Thank you for your comments. I shall bear them in mind going forward. I should however make a correction and some clarifications. Regarding your `R.lib` file (embedrv2 and the previous version), I thought it might have something to do with Weka, the machine learning library - I got my wires crossed there. Perhaps I was reading something to do with the ML library before/while I was reading your repo. My point still stands though. I've never worked anywhere that would allow a developer to install unverified pre-compiled code from an online repo. It would pose too much of a security issue. As I explained my approach is to mirror the 'design language' of Rcpp/RInside/cpp11 libraries, because its a great approach, I'm familiar with it, and so are many others. A user (including myself) will be sensitive to on-boarding and usage friction, so I my library will present a clear, familiar, and easy to use interface. I didn't know about your betterr R package. I think it is a different approach from the one I would take. I think both Rcpp and in particular cpp11 have very good design approaches and continuous improvements to their design that gives me plenty to think about. They are at the cutting edge and are pushing the boundaries, and I think it would be cool to show that D can play in the same space with ease, finesse, and style. I'm pretty happy hacking the C API of R and have become quite familiar with its usage and foibles, though there is of course always more to learn. It's fun, as is using the power of D with R. As with many things it is a matter of patience, diligence, and continuous improvement. My focus is to bring the package up to scratch to a point where I am happy with it. To be clear, regarding saucer; at this stage (and for the foreseeable future), I'm monomaniacally focused on where I want to take the library.
Jan 09
parent reply Lance Bachmeier <no spam.net> writes:
On Tuesday, 9 January 2024 at 19:56:38 UTC, data pulverizer wrote:

I'd encourage you to approach this however you like, but for the 
sake of anyone else reading this, I want to correct a few points. 
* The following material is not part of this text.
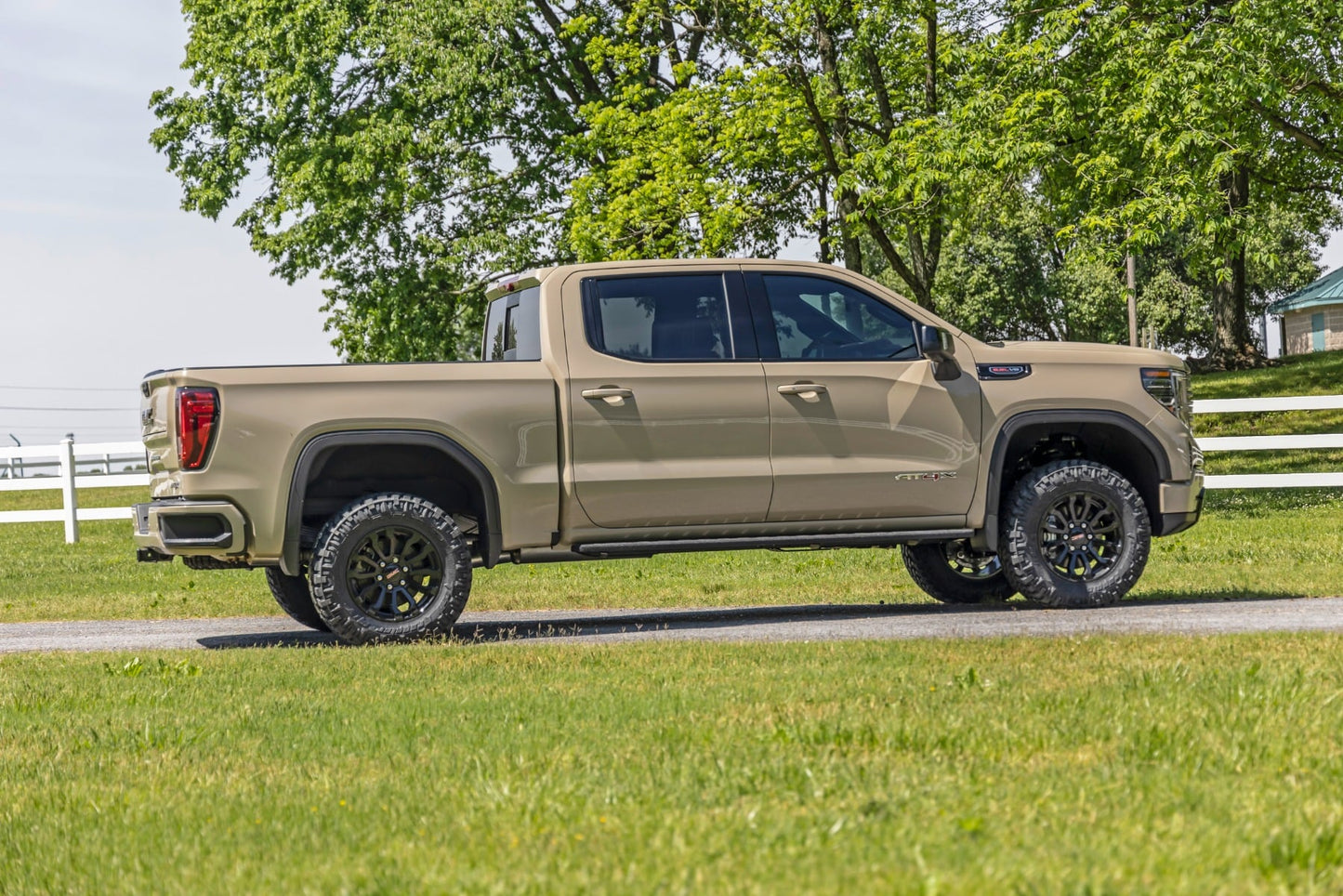 1.5 Inch Leveling Kit AT4X/ZR2 Silverado/Sierra 1500 (22-26) Rough Country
I'm guessing you haven't spent any time understanding embedrv2.

 Regarding your `R.lib` file (embedrv2 and the previous 
 version), I thought it might have something to do with Weka, 
 the machine learning library - I got my wires crossed there. 
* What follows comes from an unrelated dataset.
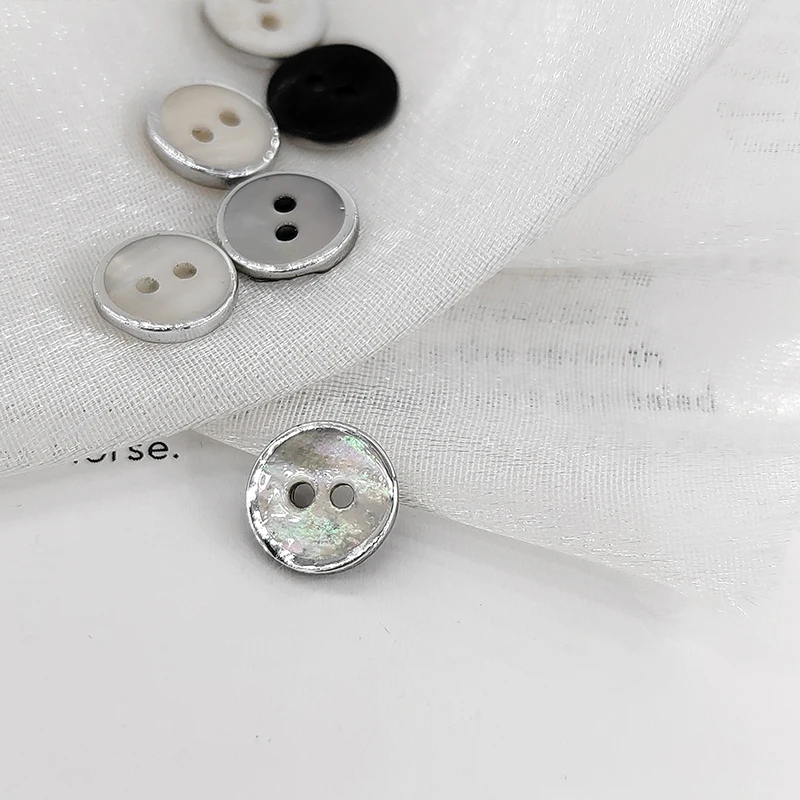 10.5/11.5 مللي متر جودة عالية أبيض أسود قذيفة الطبيعية 2 ثقوب أزرار خياطة من الملابس بالجملة موضة ديكور الفضة الخياطة DIY بها بنفسك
 Perhaps I was reading something to do with the ML library 
 before/while I was reading your repo. My point still stands 
 though. I've never worked anywhere that would allow a developer 
 to install unverified pre-compiled code from an online repo. It 
 would pose too much of a security issue.
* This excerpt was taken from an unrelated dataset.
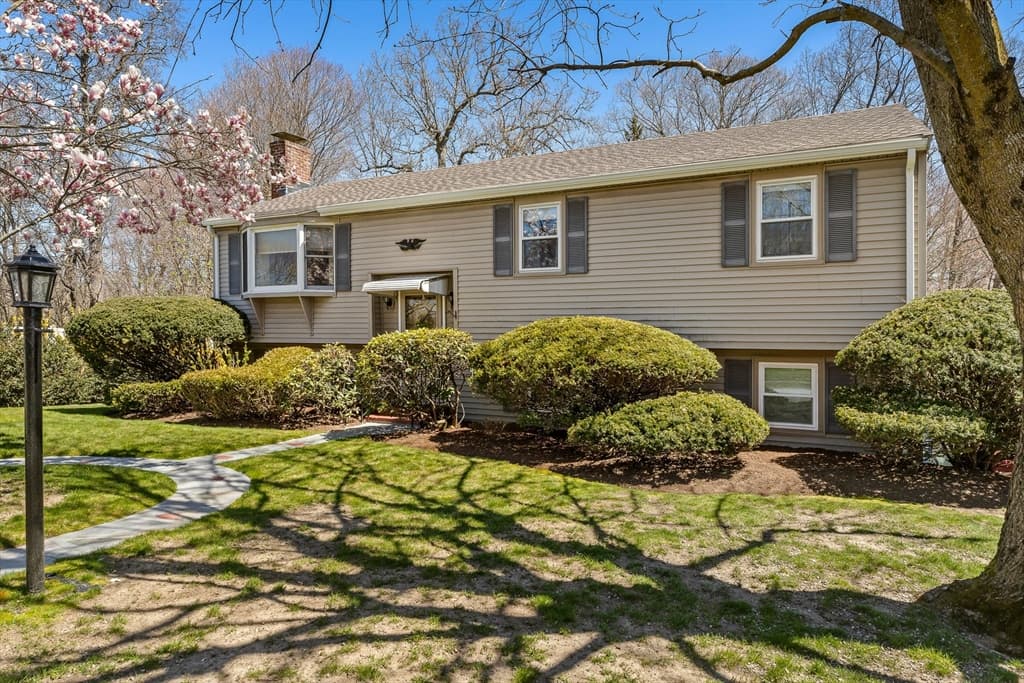 15 Briarwood Drive photo 3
That's not "unverified pre-compiled code". As I said, it's an import library for Windows, from an attempt long ago to call R from D on Windows. You don't call the .dll file directly on Windows, you call the .lib file. It's the same thing you do with OpenBLAS and many other popular libraries.
 As I explained my approach is to mirror the 'design language' 
 of Rcpp/RInside/cpp11 libraries, because its a great approach, 
 I'm familiar with it, and so are many others. A user (including 
 myself) will be sensitive to on-boarding and usage friction, so 
 I my library will present a clear, familiar, and easy to use 
 interface.
I'm familiar with Rcpp/RInside/cpp11. If you go to the CRAN page for RInside, you'll see I'm one of the authors. If you check out Dirk's 2013 book, you'll see that one of the sections in it was based on an example I gave him. I haven't done much with cpp11, but that's because I was already using D before it existed. embedrv2 does exactly the same thing. You write your D function and metaprogramming is used to create a wrapper that you can call from R without further modification.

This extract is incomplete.